AVALIE SUAS HABILIDADES PARA SE EXPRESSAR
por Kátia S. R. Bianchi - Fonoaudióloga - CRFO - 3ª 5514/SC

katiabianchi.orgone@gmail.com


Expressar-se bem é essencial para as negociações: compreender a produção da própria fala é um alerta para a sua auto-avaliação. 

Não são raros os artigos que trazem dicas de como se comunicar em reuniões e negociações de qualquer natureza. Os autores recomendam: tenha uma boa expressão verbal, use vocabulário adequado, preste atenção aos sinais e comportamento do interlocutor, conheça o mercado e o produto ou serviço que está em negociação.

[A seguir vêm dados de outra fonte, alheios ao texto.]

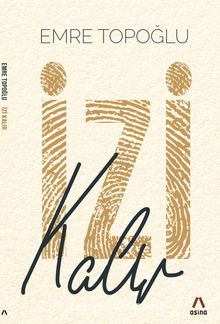İzi Kalır - Emre Topoğlu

As dicas acima são frequentemente divulgadas e consideradas importantes para transações de negócios no segmento empresarial. Entretanto, gostaria de chamar a atenção aqui para algumas funções do organismo humano que contribuem para que seja possível colocar em prática tais recomendações. Por exemplo, você já parou para prestar atenção em como seu corpo funciona para produzir a fala? E nos momentos de negociar, como ele reage? Pois é a partir desta observação que poderá conferir se as condições de seu organismo facilitam ou dificultam sua comunicação na vida pessoal e profissional.  Conforme é produzida a nossa fala, podemos passar aos interlocutores imagens equivocadas do que somos, como evidências de nervosismo, ansiedade ou desleixo.

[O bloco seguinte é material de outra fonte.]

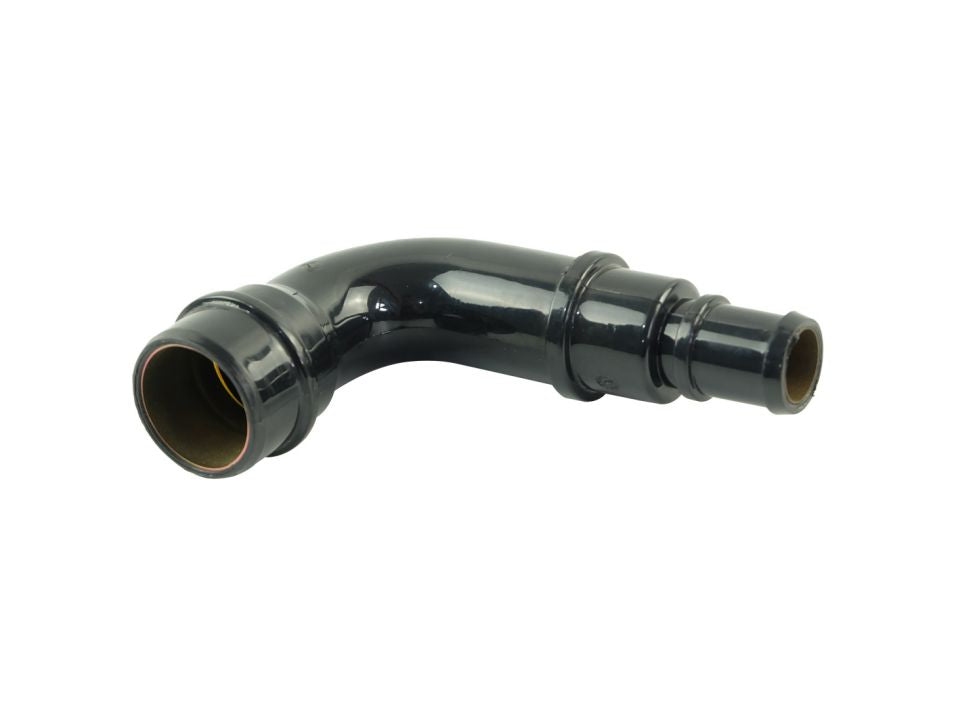 BOGAP A1210114 Hose, Crankcase Ventilation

Uma das funções vitais do organismo é a respiração. Sem ela não há vida. Porém, raramente lembramos de nossa respiração, uma vez que acontece automática e espontaneamente. Pessoas que respiram pela boca ou superficialmente apresentam a fala entrecortada, uso de ar de reserva (o finalzinho do ar dos pulmões), ficam ofegantes para falar, a inspiração e a expiração podem ficar ruidosas, atrapalhando o discurso. Quem está ouvindo uma fala assim pode ter sensação de apreensão, ansiedade e afobação. Estes sinais podem indicar problemas respiratórios, cujas causas são habituais, alérgicas ou inflamatórias (rinites, amigdalites, faringites, laringites, sinusites) e ainda orgânicas, como alterações no nariz e cavidades próximas a ele.

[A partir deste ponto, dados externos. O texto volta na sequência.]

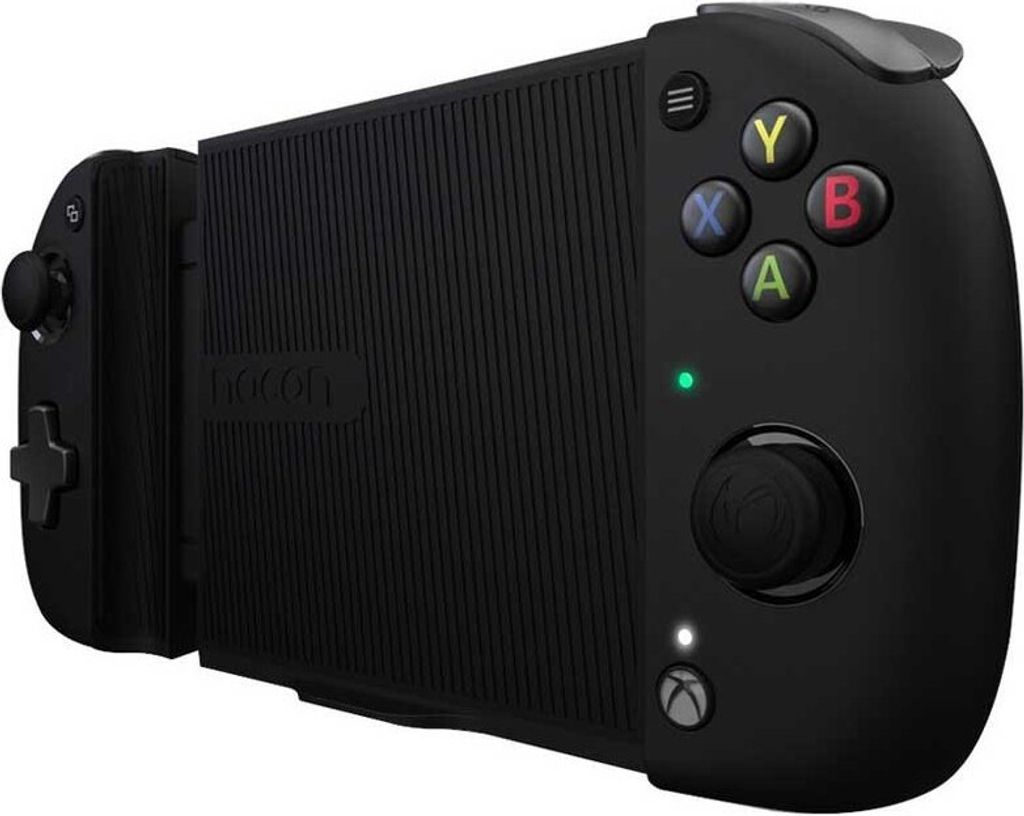 Xbox Holder MG-X [Off. lizenz./Android] Produktbild 5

É por meio da respiração que conseguimos produzir a voz, que é o som da fala. Pela voz, em geral, é possível diferenciar crianças, adultos e idosos; bem como homens e mulheres. As queixas mais comuns nesta função são: a rouquidão, a instabilidade vocal (alternância da voz de mais fina para mais grossa e vice-versa) e a afonia (perda da voz). Há vários fatores que podem originá-las, como o uso vocal indevido (forçar a voz), doenças do sistema respiratório e até mesmo câncer de laringe (especialmente para os fumantes). Para quem ouve vozes assim, a sensação pode ser de nervosismo, medo e insegurança.

Outra função orgânica importante é a articulação, resultante do ar que vem dos pulmões, em forma de voz, e é modificado pelos articuladores (lábios, língua, dentes, bochechas e outros). Esta é uma função que desenvolvemos desde bebês e sofre influência da respiração, da mastigação, assim como da freqüência e duração de hábitos orais (chupeta, mamadeira, chupar o dedo, morder objetos). Cada som da língua que falamos deve ser realizado com os articuladores dispostos em determinadas posições. Entretanto, por exemplo, se apresentarmos alteração nas arcadas dentárias (espaço ou cruzamento entre maxila e mandíbula na mordida, falta de dentes), a língua poderá se posicionar entre os dentes, o que fica visível na fala. O som do “r” (“cara”) é outro que sofre distorções com freqüência, sendo produzido, com a parte de trás da língua, em vez da ponta, como seria o esperado. Esta fala pode ser percebida como desleixo, por não ter sido tratada, e ainda causar dispersão dos ouvintes, pela poluição (sons indesejáveis) no conteúdo.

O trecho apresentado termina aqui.